(Stored data)
┄┄┄┄┄┄┄┄┄┄┄┄┄┄┄┄┄┄┄┄
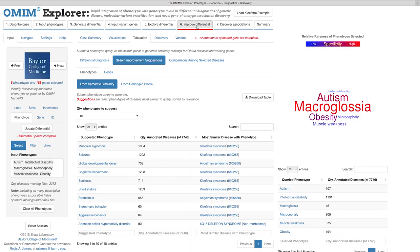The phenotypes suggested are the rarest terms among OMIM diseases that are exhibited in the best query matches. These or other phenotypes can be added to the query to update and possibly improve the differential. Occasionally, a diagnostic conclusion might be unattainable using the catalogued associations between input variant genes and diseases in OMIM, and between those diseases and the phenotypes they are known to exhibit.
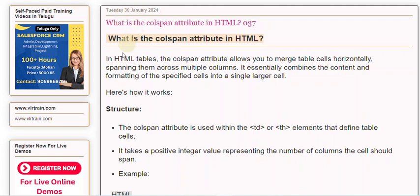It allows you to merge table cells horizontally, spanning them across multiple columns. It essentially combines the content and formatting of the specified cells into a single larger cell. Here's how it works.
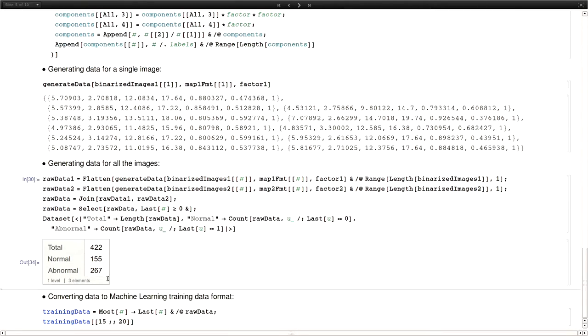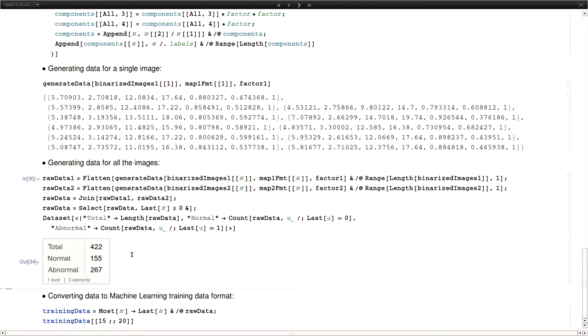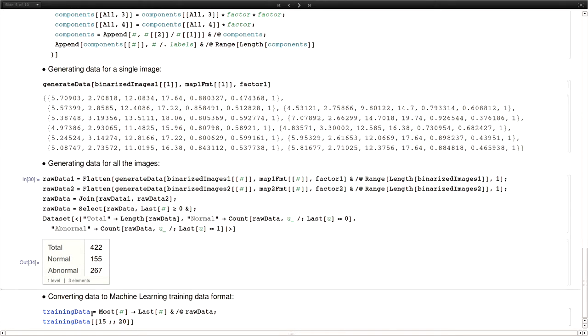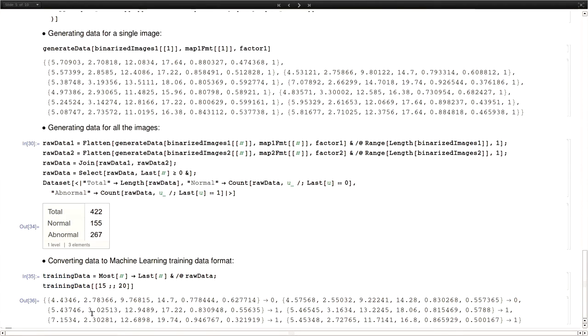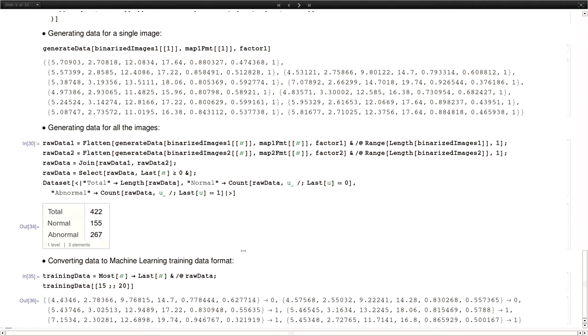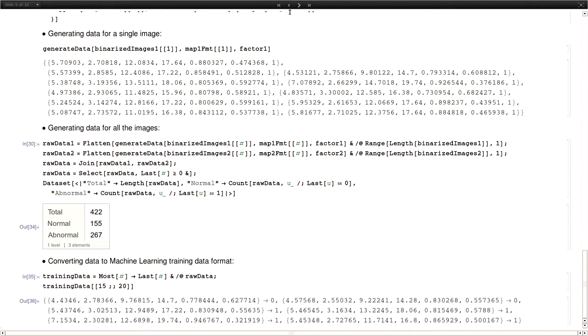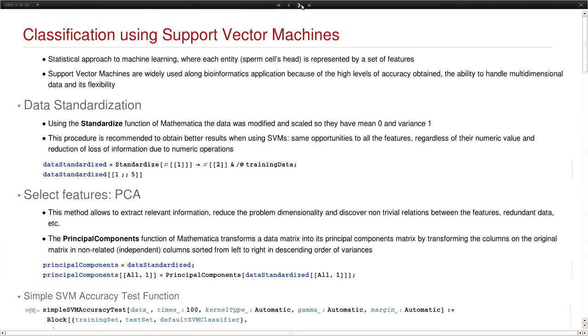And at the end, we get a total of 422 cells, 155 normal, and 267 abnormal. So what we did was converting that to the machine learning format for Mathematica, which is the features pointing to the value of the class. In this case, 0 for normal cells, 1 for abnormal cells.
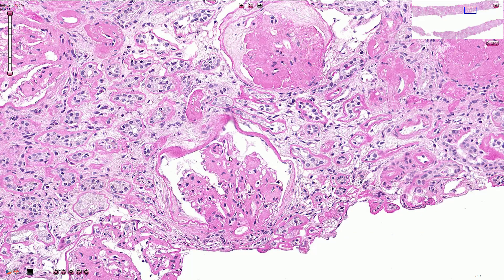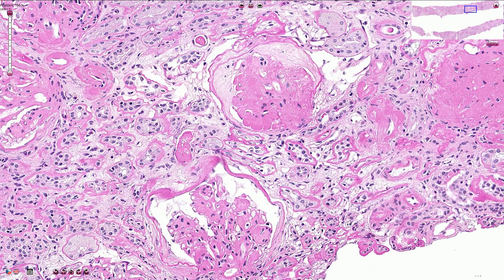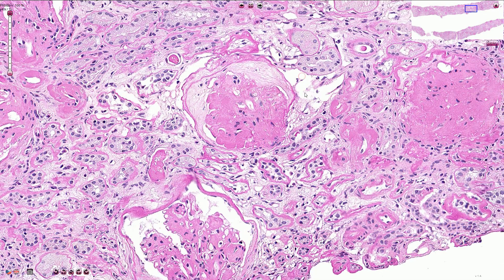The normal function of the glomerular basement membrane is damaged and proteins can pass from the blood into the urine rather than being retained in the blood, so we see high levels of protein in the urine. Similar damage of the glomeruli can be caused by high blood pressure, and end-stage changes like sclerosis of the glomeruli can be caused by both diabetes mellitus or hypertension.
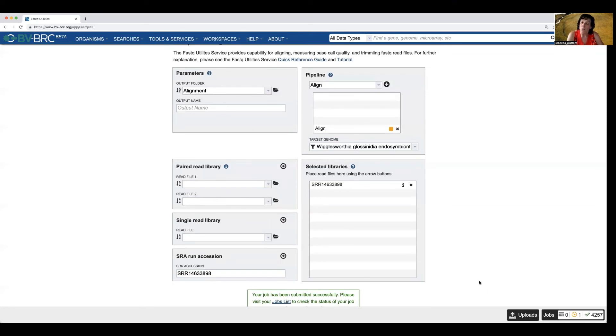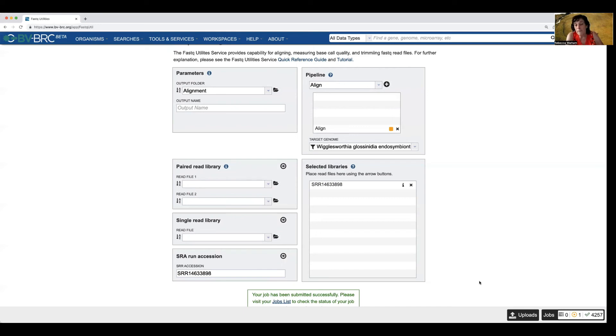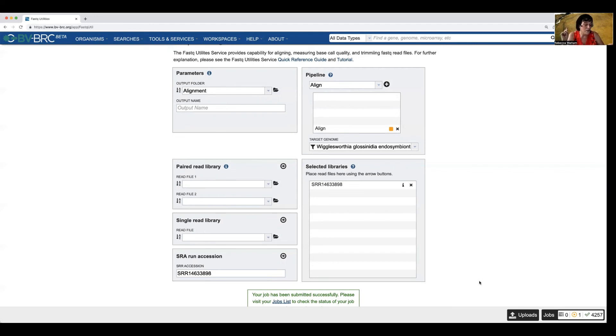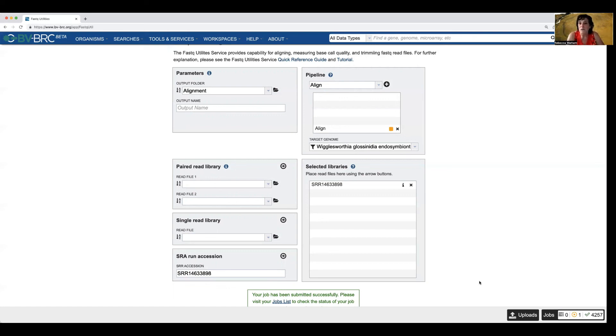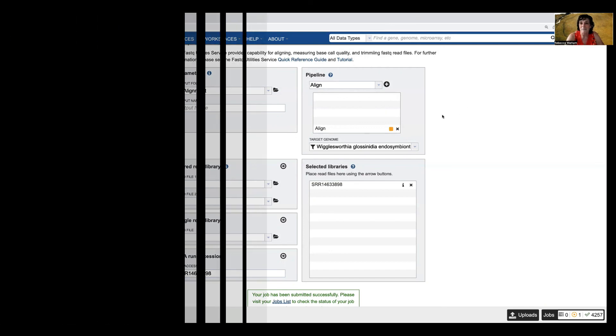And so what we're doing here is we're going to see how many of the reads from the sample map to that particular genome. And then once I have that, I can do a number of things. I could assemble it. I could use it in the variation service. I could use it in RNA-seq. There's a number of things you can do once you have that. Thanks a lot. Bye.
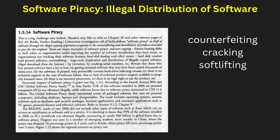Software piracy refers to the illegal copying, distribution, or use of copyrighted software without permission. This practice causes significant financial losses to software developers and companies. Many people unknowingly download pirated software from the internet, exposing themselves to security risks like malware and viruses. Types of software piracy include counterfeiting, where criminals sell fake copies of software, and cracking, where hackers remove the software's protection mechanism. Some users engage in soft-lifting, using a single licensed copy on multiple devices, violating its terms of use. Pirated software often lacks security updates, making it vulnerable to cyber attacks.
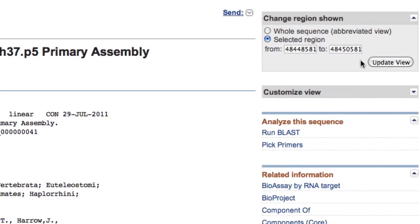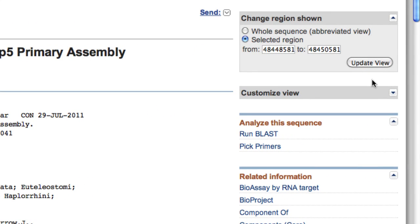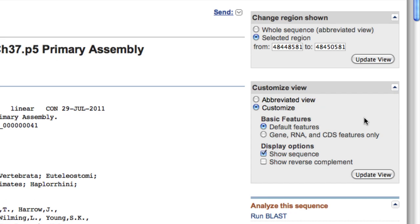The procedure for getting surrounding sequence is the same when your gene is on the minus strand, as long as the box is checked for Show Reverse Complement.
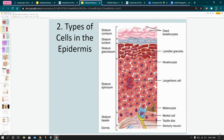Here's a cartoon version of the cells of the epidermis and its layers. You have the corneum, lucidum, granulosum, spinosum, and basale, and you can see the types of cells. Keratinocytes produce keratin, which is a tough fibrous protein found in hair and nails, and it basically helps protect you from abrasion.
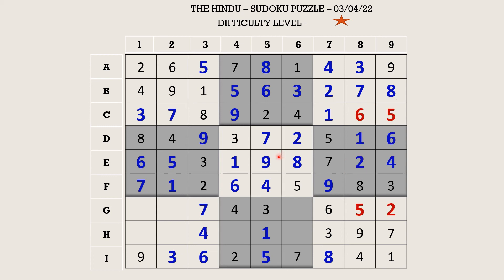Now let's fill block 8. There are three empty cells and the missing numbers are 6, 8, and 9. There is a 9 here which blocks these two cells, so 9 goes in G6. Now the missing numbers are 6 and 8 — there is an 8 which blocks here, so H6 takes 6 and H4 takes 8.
┄┄┄┄┄┄┄┄┄┄┄┄┄┄┄┄┄┄┄┄
Precisely those lines above that run from the line with "The normal function" up to and including the line with "And so what" are to be set down, with the pictures omitted.

The normal function of the glomerular basement membrane is damaged and proteins can pass from the blood into the urine rather than being retained in the blood, so we see high levels of protein in the urine. Similar damage of the glomeruli can be caused by high blood pressure, and end-stage changes like sclerosis of the glomeruli can be caused by both diabetes mellitus or hypertension.
And so what we're doing here is we're going to see how many of the reads from the sample map to that particular genome. And then once I have that, I can do a number of things. I could assemble it. I could use it in the variation service. I could use it in RNA-seq. There's a number of things you can do once you have that. Thanks a lot. Bye.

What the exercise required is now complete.